Replacing the Fuel Filter on a 1981 BMW 320i
(Despite the Ziebart anti-rust coating)

Fuel filter below axle:

Parts required :

  • Obtain proper replacement filter; Purolator makes most of them, and the various car manufacturers just add their labels
  • Ensure new copper crush washers come with the filter (or see below*)

Tools required:

  • 19mm box end wrench (open end is OK, but not as good) – for the bolts holding the fuel lines onto the filter
  • 22mm open end wrench that is fairly thin (or a thin 7/8 inch open end) – for holding the filter's integral (built-in) threaded nut in order to counteract the torque you will have to apply to the bolts when removing and installing them
  • Common screw driver, or better yet, a 6 mm box end wrench for removing the clamp that holds the filter to its bracket
  • Potentially some Armour All – to remove the large rubber band from around the old filter – so that it can be put onto the new one

Preparations:

  • Set up in a clean workspace (outside is OK, but there's a risk of contaminating the ground with gas, and contaminating the new filter with dirt)
  • Use a pit or car ramps if available, or a hoist if possible.  Jacking up the right rear of the car will work if necessary. A dolly to lie on and roll in and out under the car is nice to have.  [Above is a shot of a Ziebart coated fuel filter and the right rear drive axle - as viewed from the rear.]
  • Use goggles to protect your eyes – the gas can spray a ways out initially, and dress down (grubs)
  • Use rubber gloves if available
  • Have a container to catch about a quarter litre of gas (about one pint max) that will flow from the lines and the filter (good luck!)
  • Have some rags available to let the gas dribble onto so it doesn't splash off the floor – if that's what you're working on

Procedure used:

  • You will be 'operating' under the right rear axle of the car
  • Disconnect the negative terminal from the battery .  Any sparking source may ruin your day (car, garage, house, etc.)  This includes other vehicles that may have to leave the garage before you're finished

Removal.  With the container in place to catch the gas, and rags to catch what might miss the bucket, start by slowly removing the left side/driver's side (out flow) bolt. 

  • Nice and easy does it!  Don't be in a rush to remove the bolts from either end of the filter, let the gas that will leak out do so slowly – keep it a controlled leak! * Unless you have new copper crush washers, catch the old one as each bolt comes out – before you lose it into the gas or onto the ground
  • Next remove the right side/passenger's side (in flow from fuel pump) bolt.  It has the metal tubing which you must AVOID BENDING!  Use the larger wrench on the filter's integral threaded nut in order to counteract the torque.

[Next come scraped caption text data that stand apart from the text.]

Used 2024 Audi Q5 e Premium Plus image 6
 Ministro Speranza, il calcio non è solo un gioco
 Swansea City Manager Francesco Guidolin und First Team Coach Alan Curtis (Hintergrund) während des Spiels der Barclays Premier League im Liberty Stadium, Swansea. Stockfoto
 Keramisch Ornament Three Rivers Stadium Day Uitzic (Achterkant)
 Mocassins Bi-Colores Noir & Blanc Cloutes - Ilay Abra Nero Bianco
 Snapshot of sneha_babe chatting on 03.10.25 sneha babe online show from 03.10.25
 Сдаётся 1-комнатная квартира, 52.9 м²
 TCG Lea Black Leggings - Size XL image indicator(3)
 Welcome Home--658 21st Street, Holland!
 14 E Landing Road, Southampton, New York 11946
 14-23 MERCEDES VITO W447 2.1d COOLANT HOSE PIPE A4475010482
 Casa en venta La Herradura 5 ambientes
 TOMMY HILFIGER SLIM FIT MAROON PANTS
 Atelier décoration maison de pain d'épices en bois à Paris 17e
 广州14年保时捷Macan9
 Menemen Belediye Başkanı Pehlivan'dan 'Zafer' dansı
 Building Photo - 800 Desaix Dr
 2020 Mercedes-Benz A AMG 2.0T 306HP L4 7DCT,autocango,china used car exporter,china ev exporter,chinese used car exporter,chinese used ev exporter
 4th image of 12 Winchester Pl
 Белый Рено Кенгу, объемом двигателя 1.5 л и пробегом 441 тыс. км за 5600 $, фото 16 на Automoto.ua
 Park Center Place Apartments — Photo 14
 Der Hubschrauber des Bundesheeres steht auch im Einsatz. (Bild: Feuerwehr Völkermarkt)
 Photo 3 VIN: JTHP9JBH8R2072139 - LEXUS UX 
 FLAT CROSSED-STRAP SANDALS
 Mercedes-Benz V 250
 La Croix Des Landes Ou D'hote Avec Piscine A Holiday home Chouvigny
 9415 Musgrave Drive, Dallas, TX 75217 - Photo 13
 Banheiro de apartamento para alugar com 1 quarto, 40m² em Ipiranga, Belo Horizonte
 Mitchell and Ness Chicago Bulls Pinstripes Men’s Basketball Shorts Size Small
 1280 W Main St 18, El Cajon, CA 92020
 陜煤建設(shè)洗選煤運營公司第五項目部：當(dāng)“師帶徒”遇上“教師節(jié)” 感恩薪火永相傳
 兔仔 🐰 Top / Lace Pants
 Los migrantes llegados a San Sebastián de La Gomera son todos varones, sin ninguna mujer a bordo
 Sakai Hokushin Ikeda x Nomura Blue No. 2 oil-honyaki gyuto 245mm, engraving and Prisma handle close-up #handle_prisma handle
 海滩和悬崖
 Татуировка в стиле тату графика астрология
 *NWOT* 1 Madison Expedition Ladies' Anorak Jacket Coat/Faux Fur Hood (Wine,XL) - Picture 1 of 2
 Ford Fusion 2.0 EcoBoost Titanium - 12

Try to keep its orientation during the whole removal/installation process – that will help to get a good fit right off the bat
  • Finally, loosen off the clamp that holds the filter onto its bracket, and slip the filter out toward the floating fuel line (toward the driver's side of the car).  [The resulting 'gap' is shown above - two fuel fittings and partly hidden, a bracket and clamp.]
  • Installation.  After you remove and clean up the rubber band from the old filter (using Armour All if necessary to get it off), slip it onto the new filter in about the same place.  Put the plastic plugs that came on the new filter onto the threaded nuts of the old filter - to  prevent more gas from leaking out.
  • Slide the new filter into its clamp from the left (driver's side) – ensure that the end marked Auslauf / Out and the arrow on the filter are pointing to the left (driver's side).
  • Attach the right side/passenger's side (in flow from fuel pump) bolt first, but ensure that you have a copper crush washer between the fuel line fitting and the new filter [see next photo].  Just snug it up for now - it will be tightened later.
  • Next attach the left side/driver's side (out flow) bolt through the floating fitting (with its crush washer in place).
  • Now tighten up the clamp to hold the filter (protected by the rubber band) onto its bracket
  • Finally, tighten up the fuel fitting bolts – about 20 ft-lbs should do it; and don't over do it.  Counteract the torque you apply with the open ended wrench holding the integral threaded nut on the filter.
  • Clean up, crank up, and know that it will take about three, 10 second long cranks to get fuel into the new filter and up the lines into the engine
  • Look for leaks right away (use a light if necessary), don't just look for drip marks on the floor/ground
  • No leaks? You're done!

Tips from experience:

  • Be prepared!  Safety goggles, gloves, container to catch the gas, etc. will keep you out of harm's way
  • If the darn BMW dealer gives you a filter – not in a box, with only one plug on the end, and without the new copper crush washers, ask politely to speak to the manager
  • The whole procedure – baring any badly rusted bolts, should take about one hour
  • Ziebart is good, but add gas and it's sticky!